# How are you?



## Dec14

How to say: "How are you" in German?


----------



## Frank78

"Wie geht´s dir?" (informal)
"Wie geht es Ihnen?"(formal)


----------



## Dec14

How to pronounce it? I just start learning and know nothing yet...


----------



## Frank78

Wie = wee 
geht  = as in "get" just a longer "e"
es = as 
dir = dear


----------



## brian

Frank78 said:


> Wie = *v*ee
> geht  = as in "get" just a longer "e"; I'd say more like "*gate*"
> es = as; I'd say more like "*ess*", i.e. the name of the letter "s"
> dir = dear


----------



## Namakemono

The formal version is pronounced "vee geht ess EE-nen".


----------



## Frank78

How do you pronounce "gate", Brian?

"gäiht" for me, but i was thought BE. The German geht has an /e:/

Ah you speak spanish Dec14, an IPA summary says its the same "E" as in Spanish "hombr*e*".  Just longer indicated by the colon.

Appendix: I´ve listen to it in the dictionary you´re right. The American "gate" comes close.


----------



## brian

English _gate_ does have a sort of "glide" in the vowel (almost like a diphthong, from /e/ to /ɪ/ --> /eɪ/), typical of English pronunciation, but it's the closest English equivalent to _geht_.


----------



## robthehero12

Wie geht's?/Wie geht's dir?-informal pronounsed- Vee gets/Vee gets der(the r is like the british r)
Wie geht es Ihnen?-formal- pronounsed- Vee get es EE-nen.


----------



## StryKeRneL

Frank78 said:


> How do you pronounce "gate", Brian?
> 
> "gäiht" for me, but i was thought BE. The German geht has an /e:/
> 
> Ah you speak spanish Dec14, an IPA summary says its the same "E" as in Spanish "hombr*e*".  Just longer indicated by the colon.
> 
> Appendix: I´ve listen to it in the dictionary you´re right. The American "gate" comes close.



I'd say that "get" comes closer.


----------



## robthehero12

StryKeRneL said:


> I'd say that "get" comes closer.



I think that "get" comes closer to the German pronounciation too!


----------



## brian

I don't at all...


----------



## mannibreuckmann

brian said:


> I don't at all...



Und das verstehe ich total.

"Geht" und "get" unterscheiden sich im Vokal - der erste ist lang bzw. offen und der zweite kurz bzw. geschlossen.

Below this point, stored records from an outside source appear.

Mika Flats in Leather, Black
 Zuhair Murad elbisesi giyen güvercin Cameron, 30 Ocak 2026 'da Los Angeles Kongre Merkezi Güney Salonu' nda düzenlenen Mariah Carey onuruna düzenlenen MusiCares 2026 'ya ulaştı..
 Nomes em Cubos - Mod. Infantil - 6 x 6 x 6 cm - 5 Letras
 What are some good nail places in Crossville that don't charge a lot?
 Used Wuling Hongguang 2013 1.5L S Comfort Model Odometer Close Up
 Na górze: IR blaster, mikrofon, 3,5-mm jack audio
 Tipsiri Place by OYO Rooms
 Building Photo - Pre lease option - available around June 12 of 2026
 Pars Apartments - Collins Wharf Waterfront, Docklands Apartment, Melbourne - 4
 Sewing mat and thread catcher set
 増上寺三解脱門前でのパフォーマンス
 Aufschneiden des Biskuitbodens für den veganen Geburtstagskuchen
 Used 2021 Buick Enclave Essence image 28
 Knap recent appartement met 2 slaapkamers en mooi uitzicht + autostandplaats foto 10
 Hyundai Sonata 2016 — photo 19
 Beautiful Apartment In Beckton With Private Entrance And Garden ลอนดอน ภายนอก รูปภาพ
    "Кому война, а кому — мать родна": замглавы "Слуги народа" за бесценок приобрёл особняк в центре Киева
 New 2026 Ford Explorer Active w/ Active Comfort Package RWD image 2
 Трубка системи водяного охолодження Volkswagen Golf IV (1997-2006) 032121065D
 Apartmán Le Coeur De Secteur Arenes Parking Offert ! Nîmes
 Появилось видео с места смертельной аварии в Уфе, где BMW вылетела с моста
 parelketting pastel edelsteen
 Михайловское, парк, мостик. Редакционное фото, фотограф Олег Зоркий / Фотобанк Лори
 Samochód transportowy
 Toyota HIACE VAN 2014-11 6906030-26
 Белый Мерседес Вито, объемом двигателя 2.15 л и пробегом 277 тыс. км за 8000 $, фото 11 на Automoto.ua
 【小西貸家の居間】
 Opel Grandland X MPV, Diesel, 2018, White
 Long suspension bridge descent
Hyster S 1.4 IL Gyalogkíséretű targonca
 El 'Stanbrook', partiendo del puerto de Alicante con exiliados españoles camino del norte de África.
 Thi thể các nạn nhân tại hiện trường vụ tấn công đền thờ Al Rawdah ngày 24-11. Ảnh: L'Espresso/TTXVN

"Gate" hat auch einen langen, offenen Vokal und ist "geht" deshalb viel ähnlicher, auch wenn der Vokal selbst *etwas anders* klingt.


----------



## Frank78

mannibreuckmann said:


> Und das verstehe ich total.
> 
> "Geht" und "get" unterscheiden sich im Vokal - der erste ist *lang* bzw. offen und der zweite *kurz* bzw. geschlossen.



The lenght has nothing to do with the sound itself. You can stretch it 

get /get/ 
gate /geɪt/

geht /ge:t/

So get and gehen have the same "e" it´s just the lenght which differs.


----------



## mannibreuckmann

Frank78 said:


> The lenght has nothing to do with the sound itself. You can stretch it
> 
> get /get/
> gate /geɪt/
> 
> geht /ge:t/
> 
> So get and gehen have the same "e" it´s just the lenght which differs.



Hallo Frank,

abgesehen davon, dass ich oben "geschlossenes e" (wie in "geht") und "offenes e" (wie in "get") verwechselt habe (Asche auf mein Haupt!), so kann es doch keinen Zweifel geben, dass der Klang dieser beiden "e" völlig verschieden ist.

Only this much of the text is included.